People in the Banks' Islands have certain tricks which those who do not understand them believe to be the work of ghosts. A man will hear a voice from the ground beneath his feet, calling him by his name. This is said to be done by letting an open bamboo some foot or two into the ground in some place not far from the person to be addressed, where the operation will be unseen, and then speaking into the end of the bamboo, and directing the voice in the way the sound is meant to travel. Again, a family party working in their garden will see smoke and sparks ascending in the direction of their village; they hear the hissing of the flames and the popping of the bamboo rafters; they are sure that it is their own house burning, and run to save what they can. When they reach the village all is quiet, the houses are all standing with fastened doors, as in the hours of work. The trick has been played by a party who somewhere in a line with the house have made a fire, and exploding green reeds which fill with steam when heated in the fire, and beating with the tips of dry cocoa-nut fronds upon the ground, have imitated with wonderful exactness the noises of a house on fire.

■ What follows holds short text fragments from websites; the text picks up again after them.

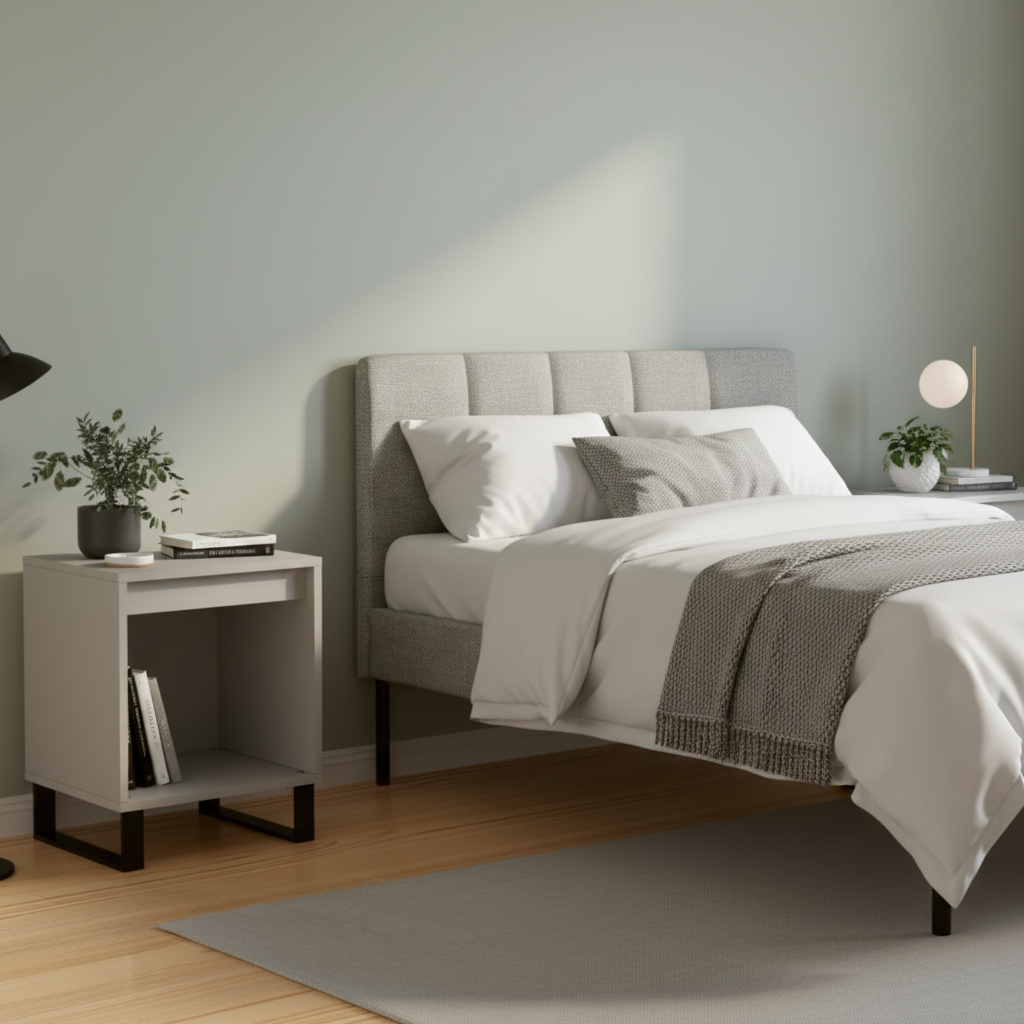 Betongrijs bed tussen 2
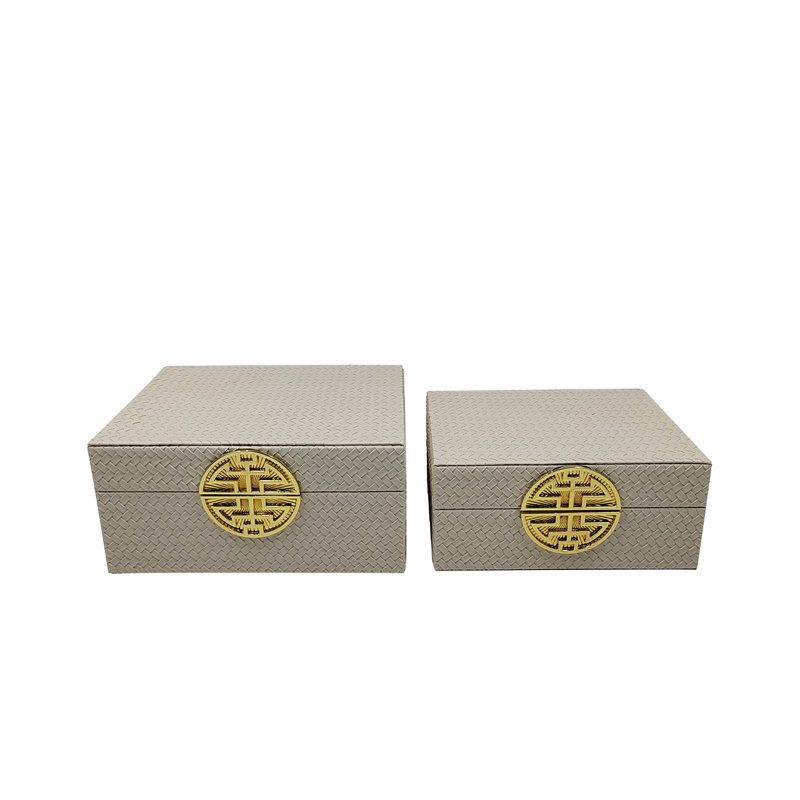 2 Pieces Jewelry Boxes for Women, Modern Design Decoration Makeup Storage Boxes with Lid, Gray/Gold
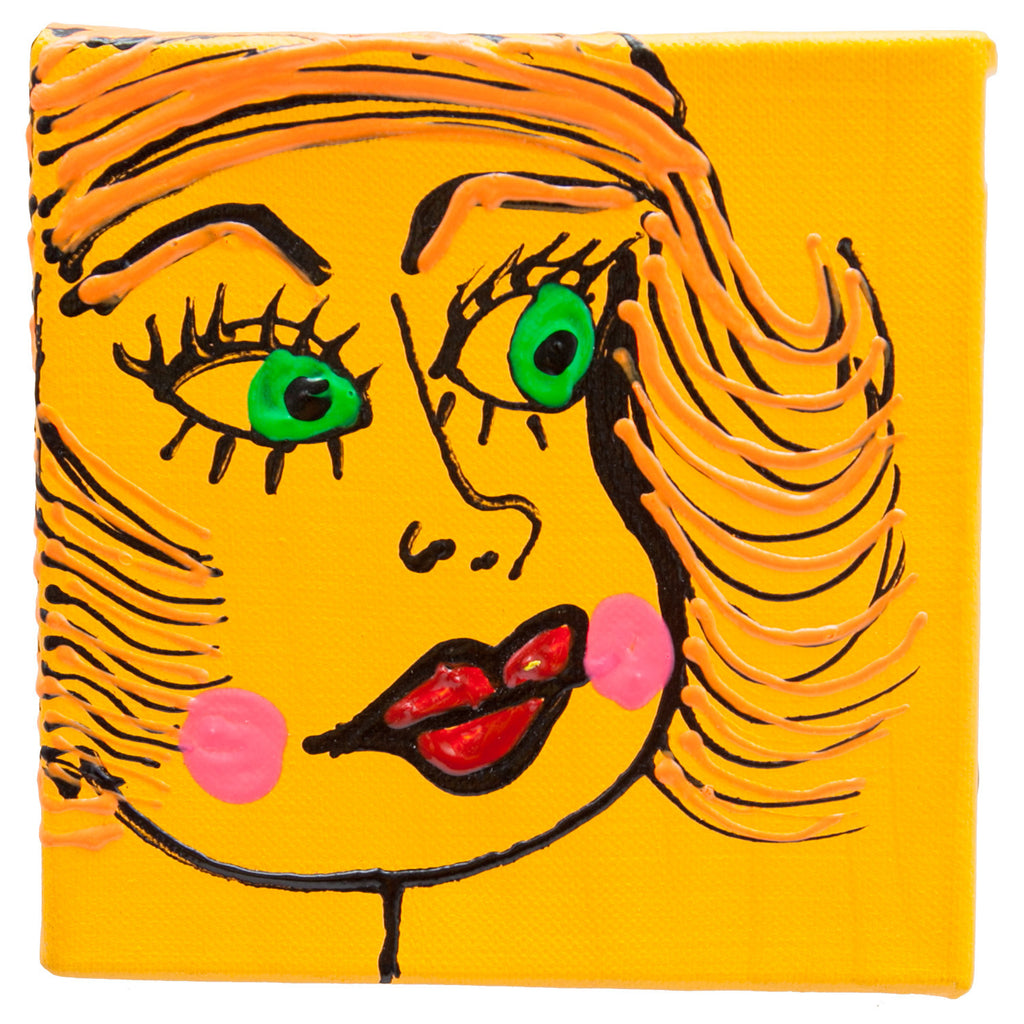 Woman Orange Box  by Fer Sucre Technique: Acrylic and Plastic Measurements:  7" square Year:  2010 Frame: unframed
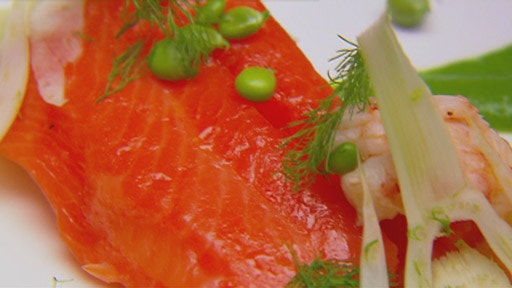 Confit of Ocean Trout with Pea Puree Poached Yabbies, Yabby Oil, Fresh Fennel and Snow Peas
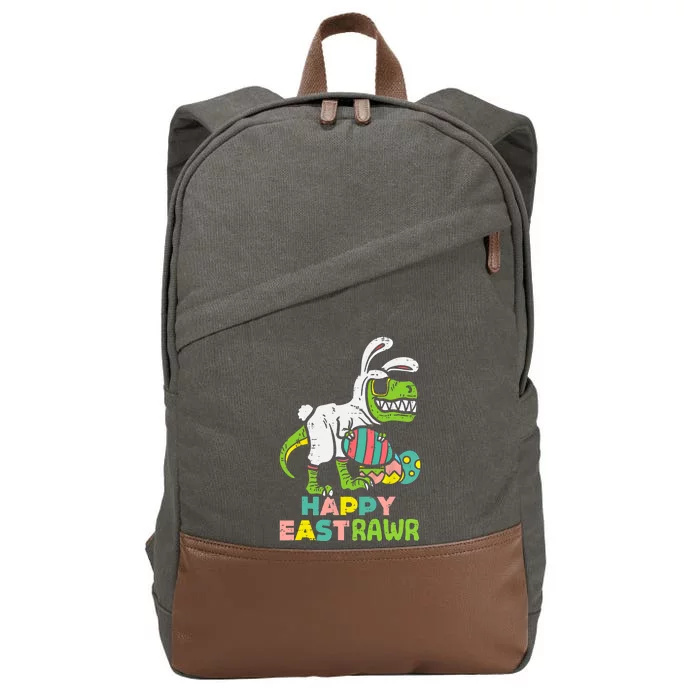 Happy Eastrawr Trex Easter Bunny Egg Funny Dinosaur Gift Cotton Canvas Backpack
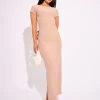 Clearance Slinky Open Back Detail Luxe Maxi Dress Dresses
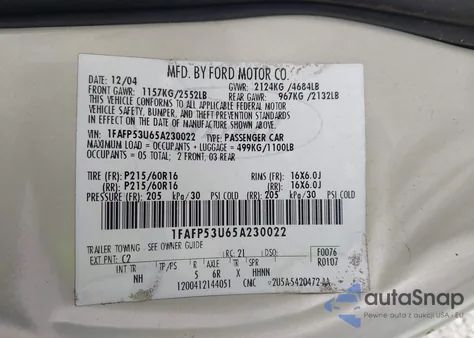 2005 Ford Taurus Se z USA, uszkodzony, nr VIN 1FAFP53U65A230022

It will hardly be inappropriate here to introduce the Melanesian superstition about sneezing, to which some reference has been already made. In Florida when a man sneezes they think that some one is speaking of him, is angry with him, perhaps cursing him by calling on his own tindalo to eat him; the man who sneezes calls upon his tlndalo to damage the man who is cursing him. In the same way at Saa if a man sneezes when he wakes, he cries, 'Who calls me? If for good, well; if for evil, may So-and-So (naming a lio’a) defend me.' In the Banks' Islands also some one is supposed to be calling the name of a man when he sneezes, either for good or evil. In Motlav if a child sneezes, the mother will cry, 'Let him come back into the world! let him remain.' In Mota they cry, 'Live, roll back to us!' The notion is that a ghost is drawing the child's soul away. It has been said that at Mota a man enquires when he sneezes by a certain divination who is cursing him; he will also stamp with his foot and cry, 'Stamp down the mischief from me! Let it be quiet! Let them say their words in vain; let them lay their plots in vain!'[1]. There is a special form of words used when one's step-father sneezes (page 40). The native notions in the New Hebrides are much the same; but in Lepers' Island, if an infant sneezes, it is a sign that its soul has been away, and has just come back; the friends present cry out with good wishes. They judge in the same island by the character of the sneeze what is the motive with which the sneezer's name is being called; if it be a gentle sneeze no harm is meant, a violent paroxysm is warning of a curse.


  1. Vara sur o lea nan nau—id masur—nira vetcet ivora, nira sorsora wora!